=== What needs to be done ===
Using the entries that follow, write out the line containing "Lexus RX 2008 Gray", the line containing "XF631050 by FEDERAL PACIFIC ELECTRIC", and every line between them, exactly and nothing else.

=== Data extract ===
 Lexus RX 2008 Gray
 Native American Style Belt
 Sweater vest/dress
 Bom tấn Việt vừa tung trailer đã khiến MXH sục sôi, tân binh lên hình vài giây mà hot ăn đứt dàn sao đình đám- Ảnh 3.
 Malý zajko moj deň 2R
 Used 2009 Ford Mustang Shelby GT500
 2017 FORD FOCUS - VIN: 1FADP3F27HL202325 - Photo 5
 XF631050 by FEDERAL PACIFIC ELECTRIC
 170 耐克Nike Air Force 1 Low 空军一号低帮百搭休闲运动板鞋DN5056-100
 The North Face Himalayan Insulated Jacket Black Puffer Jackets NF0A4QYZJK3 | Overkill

==

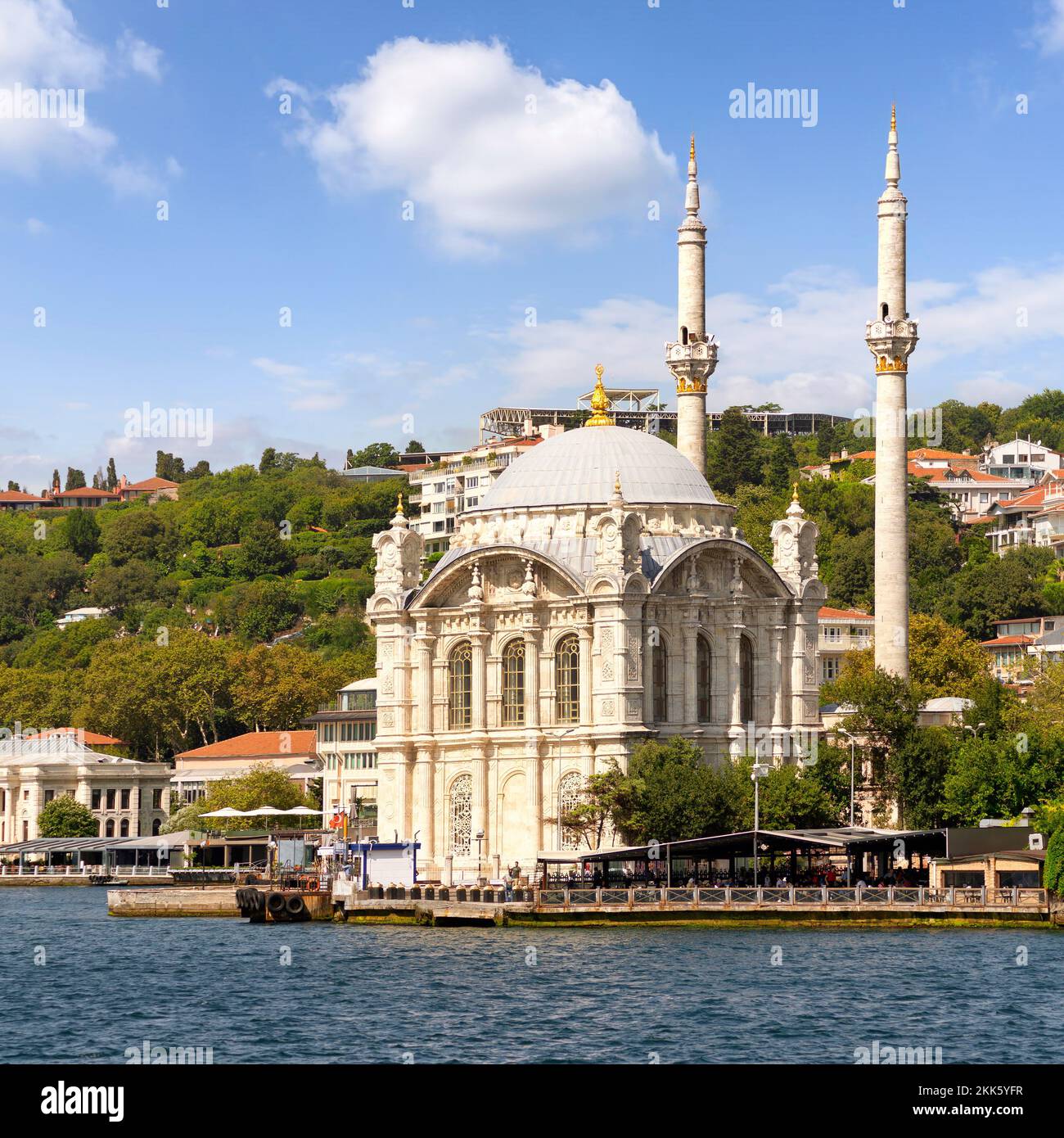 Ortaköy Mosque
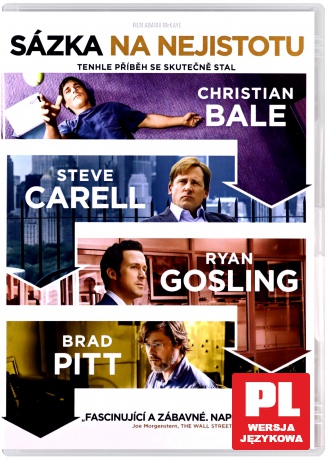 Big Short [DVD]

---

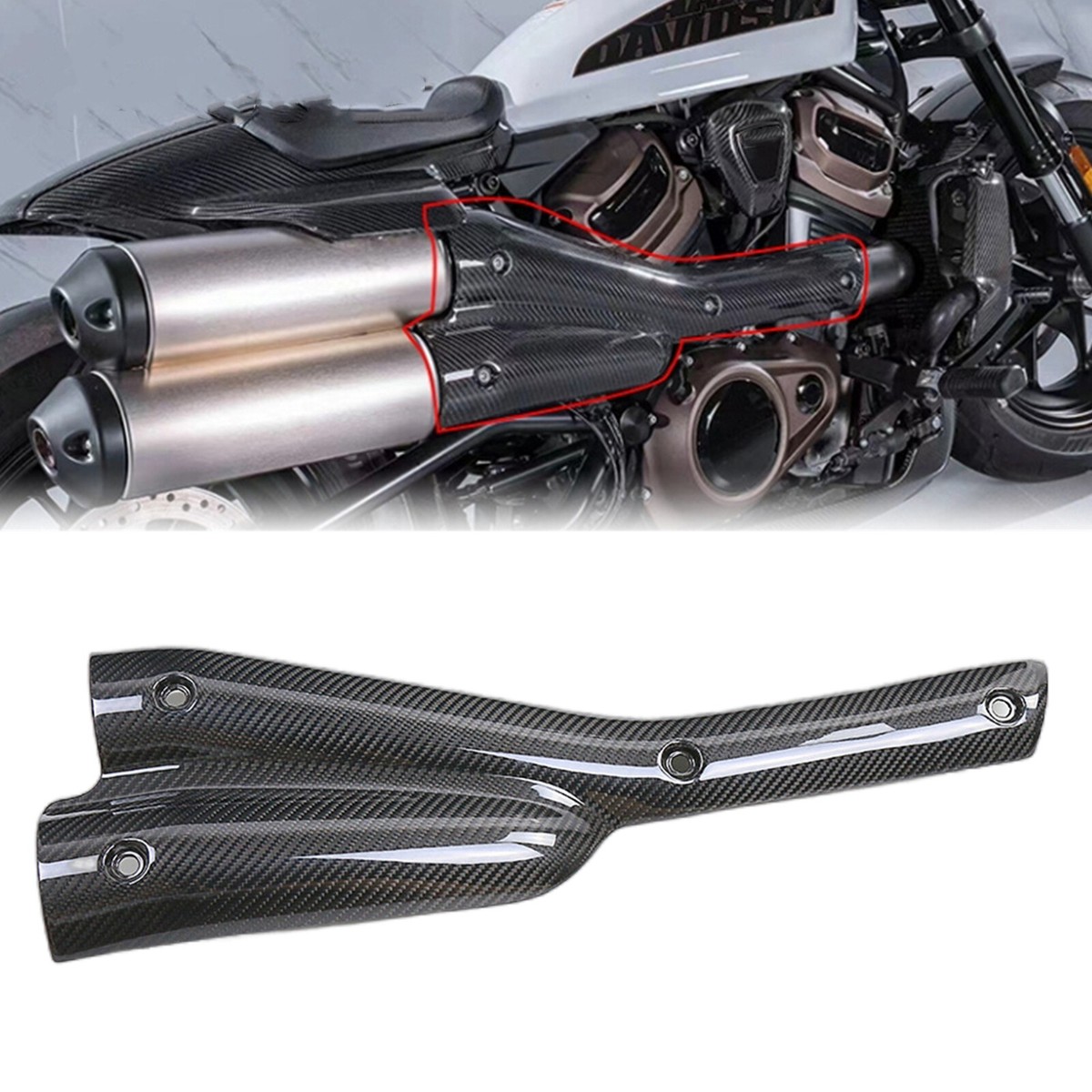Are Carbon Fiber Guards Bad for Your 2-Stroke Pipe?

=== Response ===
 Lexus RX 2008 Gray
 Native American Style Belt
 Sweater vest/dress
 Bom tấn Việt vừa tung trailer đã khiến MXH sục sôi, tân binh lên hình vài giây mà hot ăn đứt dàn sao đình đám- Ảnh 3.
 Malý zajko moj deň 2R
 Used 2009 Ford Mustang Shelby GT500
 2017 FORD FOCUS - VIN: 1FADP3F27HL202325 - Photo 5
 XF631050 by FEDERAL PACIFIC ELECTRIC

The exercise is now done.